What could happen to your chocolate?

9th May 2024

The global cocoa industry faces multifaceted challenges, impacting chocolate manufacturers and consumers worldwide. Recent data indicates a substantial decline in cocoa bean production projections for the 2023/24 crop season in Ghana and Côte d’Ivoire, the world’s largest cocoa producers. The decrease is attributed to adverse weather conditions, the rapid spread of swollen shoot disease, illegal mining activities, geopolitical tensions and political influences.

According to an Oxfam report, the chocolate industry saw immense profits at the start of the COVID-19 pandemic, with major corporations like Hershey, Lindt, Mondelēz and Nestlé collectively amassing nearly $15 billion in profits from their confectionery divisions. However, this prosperity has been short-lived as the companies are now struggling to buy beans for production due to the cocoa bean shortage and high prices.

Production data from the International Cocoa Organisation (ICCO) showed a significant decrease of 550,000 tonnes compared to the 2022-23 production. Consequently, the ICCO has expressed concerns about the 2024-25 crops in West Africa, highlighting the potential for a fourth consecutive global deficit in the upcoming season.
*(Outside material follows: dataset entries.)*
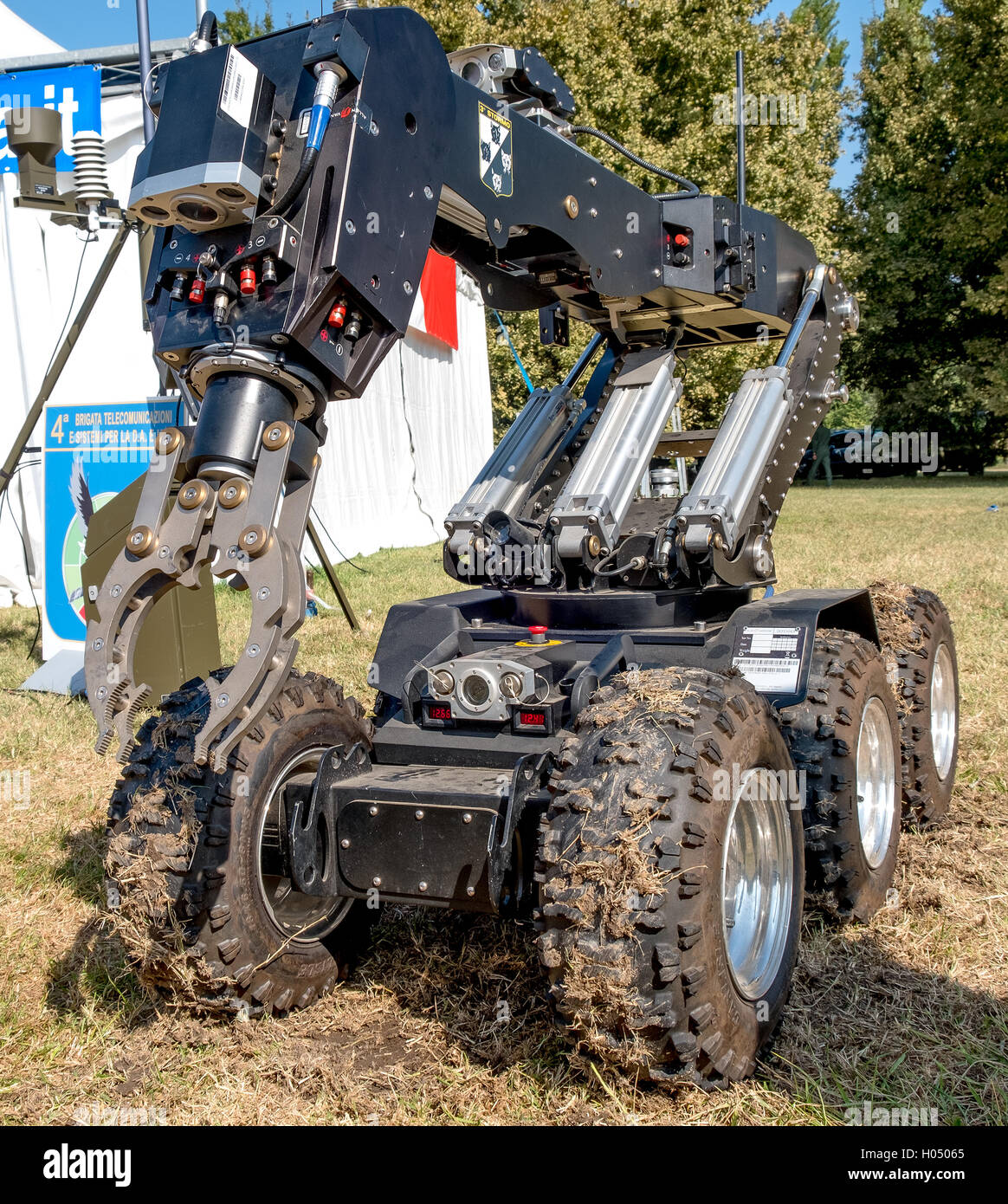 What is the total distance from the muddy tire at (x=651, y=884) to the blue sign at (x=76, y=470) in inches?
224

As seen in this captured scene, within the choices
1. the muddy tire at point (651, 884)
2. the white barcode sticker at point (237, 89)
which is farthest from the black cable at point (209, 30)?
the muddy tire at point (651, 884)

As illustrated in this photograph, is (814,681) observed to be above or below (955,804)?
above

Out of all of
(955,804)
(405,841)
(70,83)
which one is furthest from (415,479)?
(405,841)

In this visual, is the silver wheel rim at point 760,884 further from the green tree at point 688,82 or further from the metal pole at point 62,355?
the green tree at point 688,82

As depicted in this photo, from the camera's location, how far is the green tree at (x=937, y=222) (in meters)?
29.0

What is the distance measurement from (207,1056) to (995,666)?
6143mm

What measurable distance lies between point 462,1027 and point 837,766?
156cm

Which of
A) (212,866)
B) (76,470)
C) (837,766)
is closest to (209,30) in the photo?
(212,866)

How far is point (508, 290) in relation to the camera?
3596 mm

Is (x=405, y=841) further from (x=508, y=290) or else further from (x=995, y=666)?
(x=995, y=666)

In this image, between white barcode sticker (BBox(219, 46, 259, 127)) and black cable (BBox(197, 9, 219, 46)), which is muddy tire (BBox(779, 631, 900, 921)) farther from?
black cable (BBox(197, 9, 219, 46))

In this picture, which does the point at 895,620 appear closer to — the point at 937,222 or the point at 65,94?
the point at 65,94

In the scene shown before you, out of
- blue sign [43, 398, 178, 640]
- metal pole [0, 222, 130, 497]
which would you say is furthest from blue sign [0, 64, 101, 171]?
blue sign [43, 398, 178, 640]

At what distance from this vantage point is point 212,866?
3012 mm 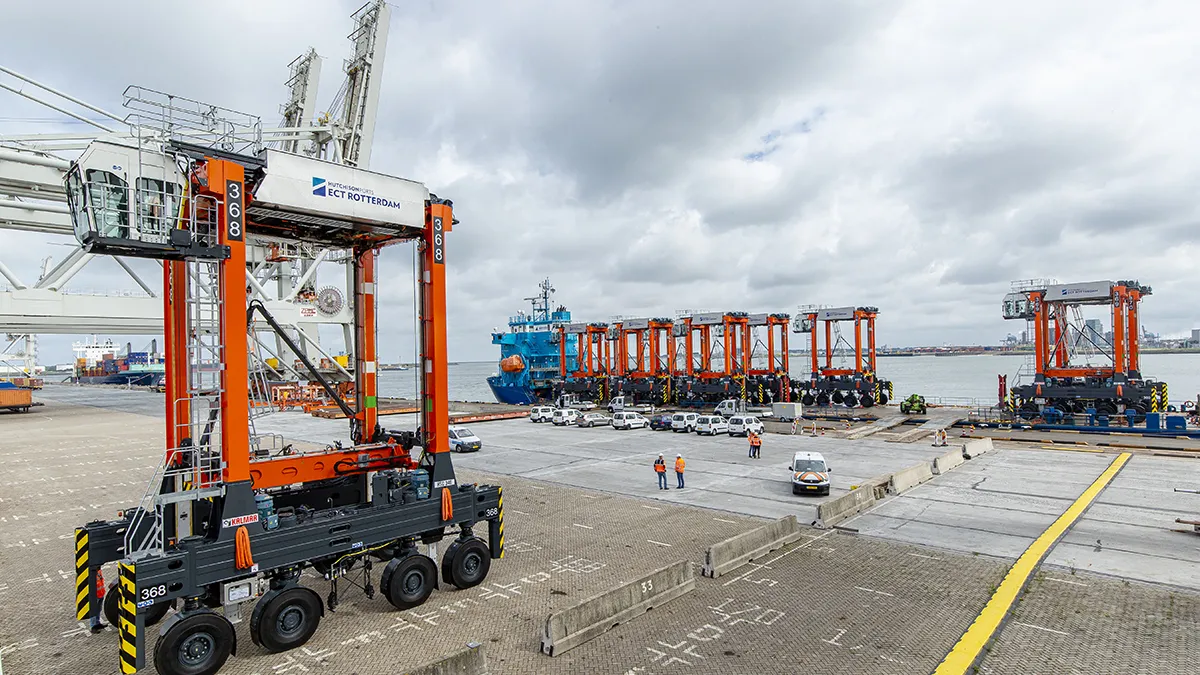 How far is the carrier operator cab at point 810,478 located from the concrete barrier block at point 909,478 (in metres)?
2.06

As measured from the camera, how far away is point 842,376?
53.9 metres

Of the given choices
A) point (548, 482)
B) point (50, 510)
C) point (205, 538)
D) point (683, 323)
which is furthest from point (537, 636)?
point (683, 323)

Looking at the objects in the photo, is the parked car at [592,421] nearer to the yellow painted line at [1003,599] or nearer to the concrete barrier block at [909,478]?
the concrete barrier block at [909,478]

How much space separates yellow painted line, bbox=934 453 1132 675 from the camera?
8648mm

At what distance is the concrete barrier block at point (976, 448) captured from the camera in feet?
88.4

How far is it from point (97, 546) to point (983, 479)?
24852 mm

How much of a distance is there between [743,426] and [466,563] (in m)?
26.2

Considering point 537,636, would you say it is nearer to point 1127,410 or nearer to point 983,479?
point 983,479

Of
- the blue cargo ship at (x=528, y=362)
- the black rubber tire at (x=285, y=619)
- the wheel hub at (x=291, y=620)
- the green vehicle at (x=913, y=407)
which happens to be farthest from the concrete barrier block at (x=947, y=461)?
the blue cargo ship at (x=528, y=362)

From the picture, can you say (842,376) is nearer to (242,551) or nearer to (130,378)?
(242,551)

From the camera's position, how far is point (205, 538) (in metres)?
9.03

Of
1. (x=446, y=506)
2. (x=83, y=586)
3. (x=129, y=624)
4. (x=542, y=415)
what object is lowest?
(x=542, y=415)

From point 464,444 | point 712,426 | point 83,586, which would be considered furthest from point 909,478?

Aside from the decline in Ghana and Côte d’Ivoire’s bean production, factors such as increased freight rates resulting from Houthi terrorist attacks in the Red Sea and export disruptions in Ecuador, the third-largest cocoa exporter, due to drug-related gang violence, have raised cocoa prices.

In Ghana, a trader noted that the current shortage is unusually severe and that Ghanaian authorities have been deprioritising cocoa since the discovery of oil. Farmers also complain about their inability to access fertilisers and the poor conditions of roads in cocoa-growing communities, making it difficult for them to transport harvested cocoa pods from their farms and leading to increased haulage costs. The production shortage, added to the increased transport costs, has raised cocoa prices, causing major cocoa processing plants in Ghana and Côte d’Ivoire to either cease operations or reduce processing as they cannot afford beans at current prices. This has prompted chocolate makers to increase prices for consumers globally.

Given that Ghana and Côte d’Ivoire supply approximately 60% of the world’s cocoa beans, the countries must urgently prioritise increasing cocoa output. Also, with more Ghanaian farmers looking to abandon cocoa farming, the government must ensure that farmers get fair prices for their produce. Neglecting this could lead Ghana to follow Nigeria’s path in the 1960s, where dwindling government support for farmers caused Nigeria to drop as a top cocoa producer.

Overall, cocoa-producing countries must strike a delicate balance between meeting global demand, protecting the interests of local farmers, ensuring their security, and ensuring the industry’s long-term sustainability.